■ Records shown
:::
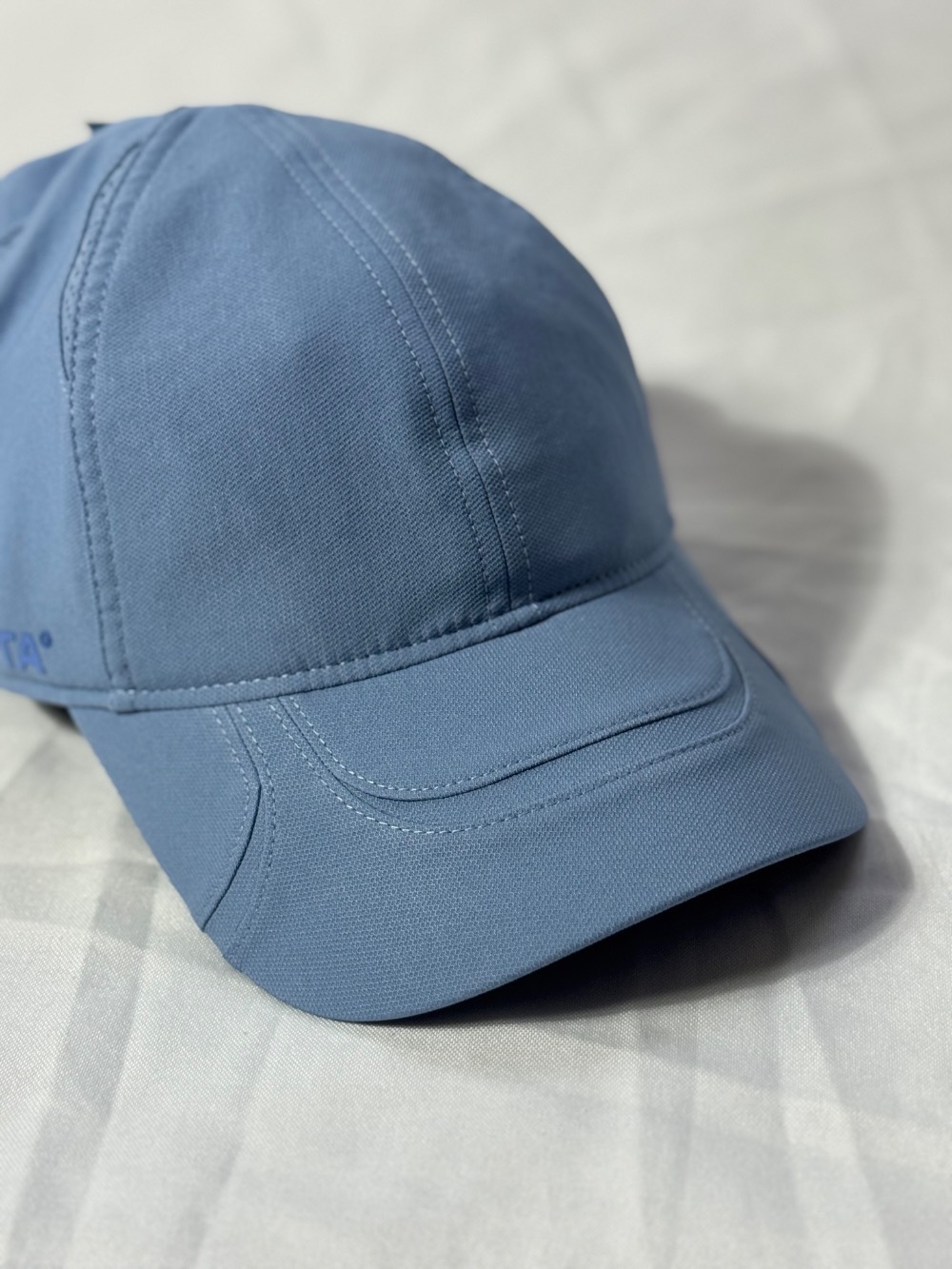 NOCTA x Nike Boné Work Blue Polar — G / GG, Novo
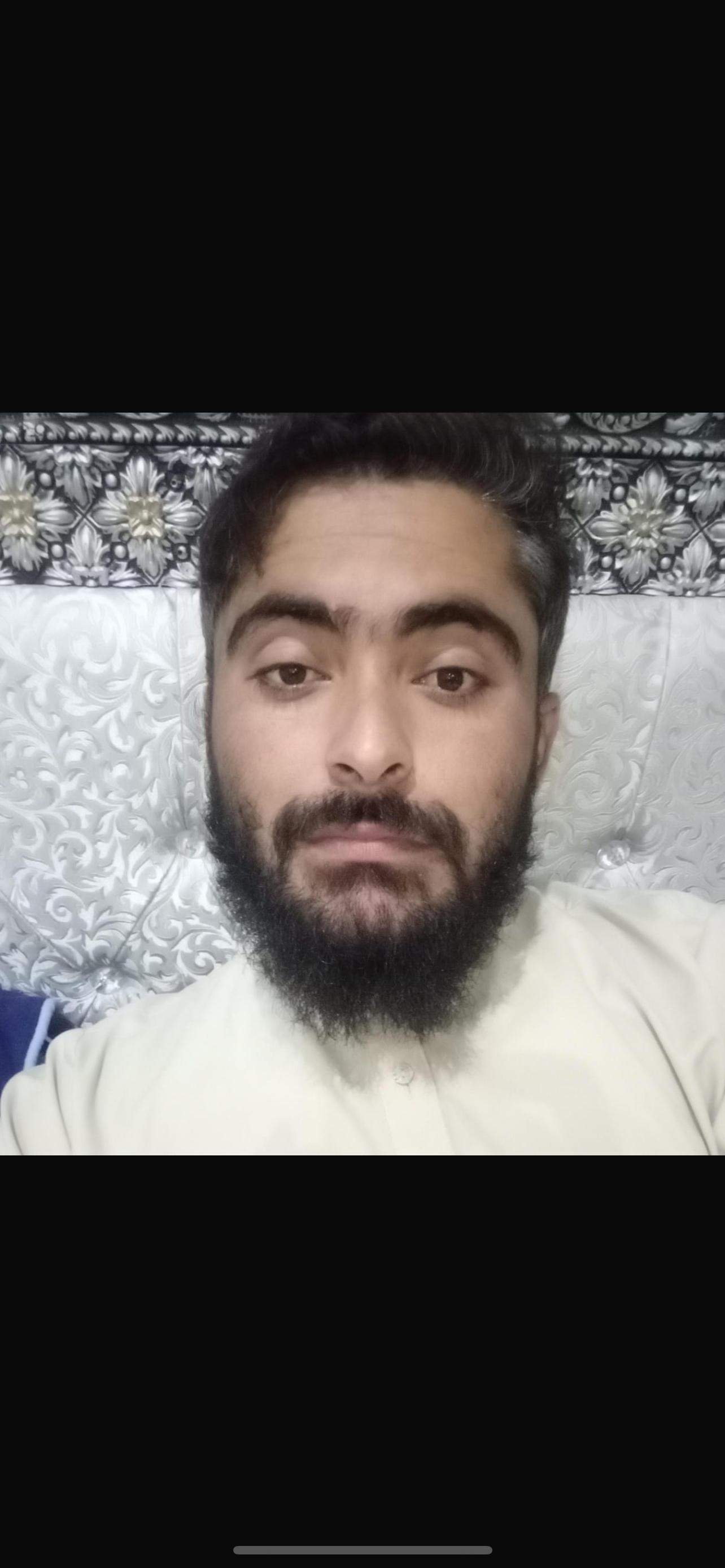 Dr. Azmat Ullah Khan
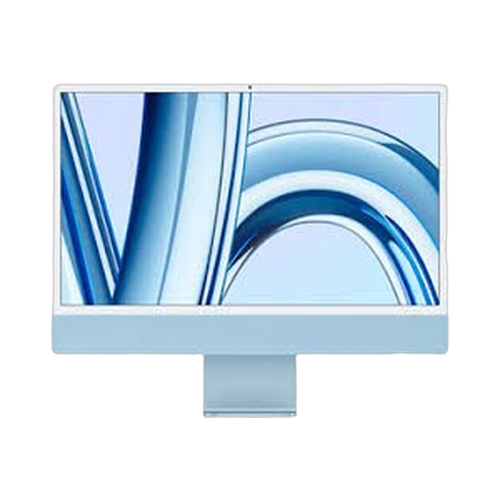 iMac 24" A2873 (2023) (Four ports)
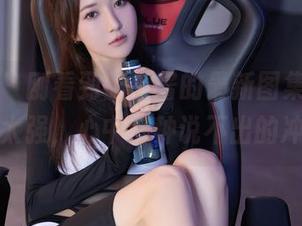 秀人网 – 刚看到薇薇酱的最新图集，御姐气场太强，心中有种说不出的冲动！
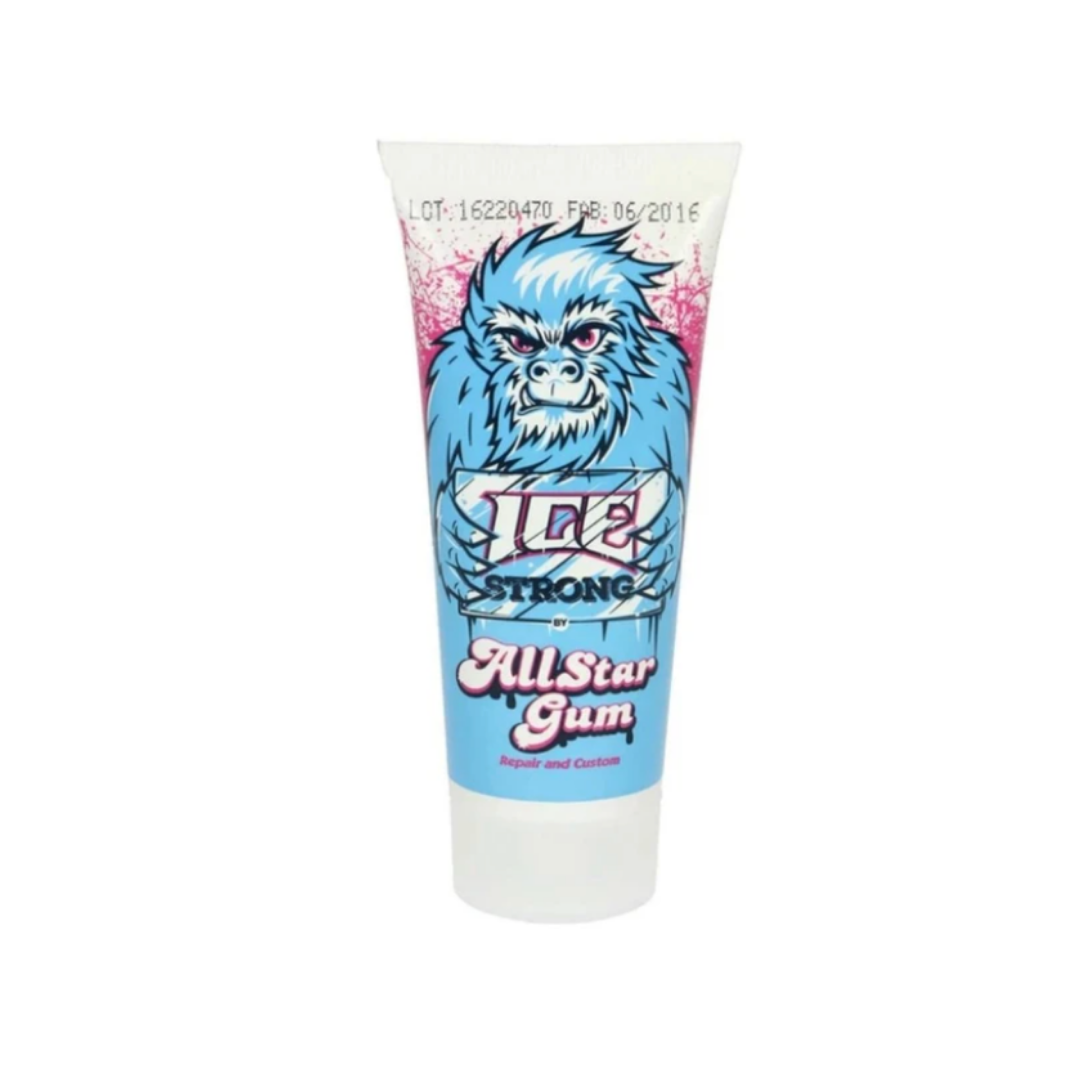 Allstar Gum - Ice Clear (shoe glue)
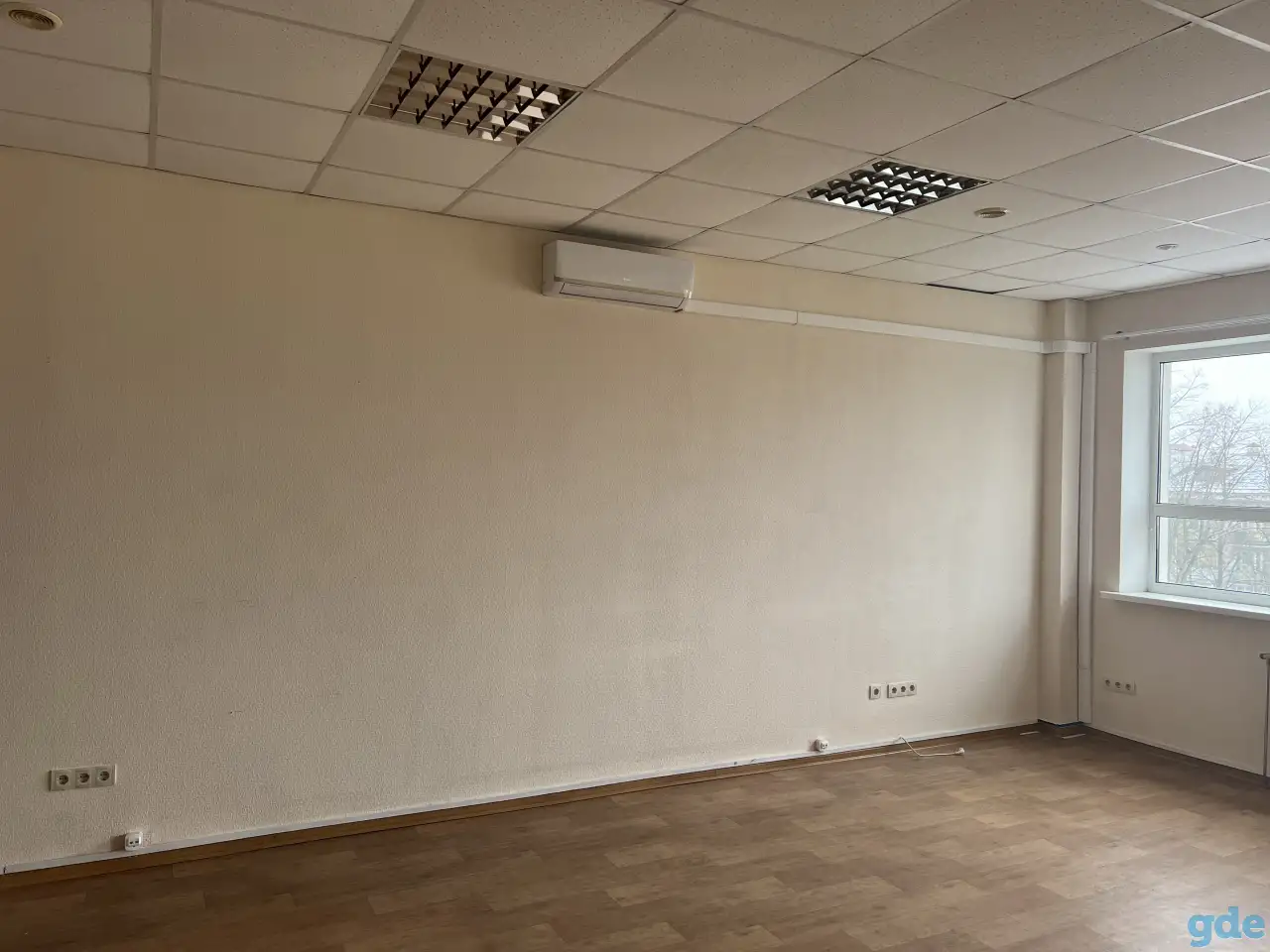 Сдам многофункциональное помещение в аренду, Краснозвездная 18б, фотография 5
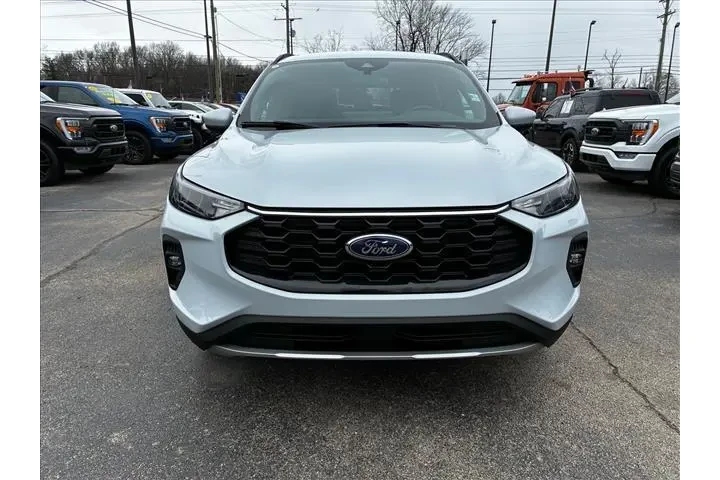 $31988 : Ford Escape Hybrid 2025 AWD image 2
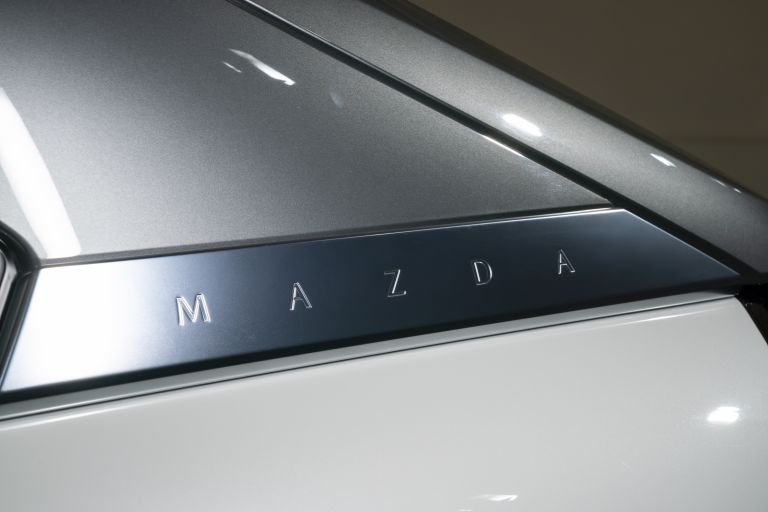2020 Mazda MX-30 588326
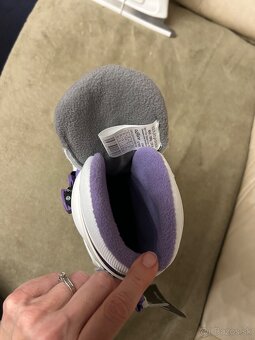 Korčule oxelo NOVÉ velkost 32-34 - 3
:::
Please copy out the material above exactly, with the images removed.

■ Reply
 NOCTA x Nike Boné Work Blue Polar — G / GG, Novo
 Dr. Azmat Ullah Khan
 iMac 24" A2873 (2023) (Four ports)
 秀人网 – 刚看到薇薇酱的最新图集，御姐气场太强，心中有种说不出的冲动！
 Allstar Gum - Ice Clear (shoe glue)
 Сдам многофункциональное помещение в аренду, Краснозвездная 18б, фотография 5
 $31988 : Ford Escape Hybrid 2025 AWD image 2
2020 Mazda MX-30 588326
 Korčule oxelo NOVÉ velkost 32-34 - 3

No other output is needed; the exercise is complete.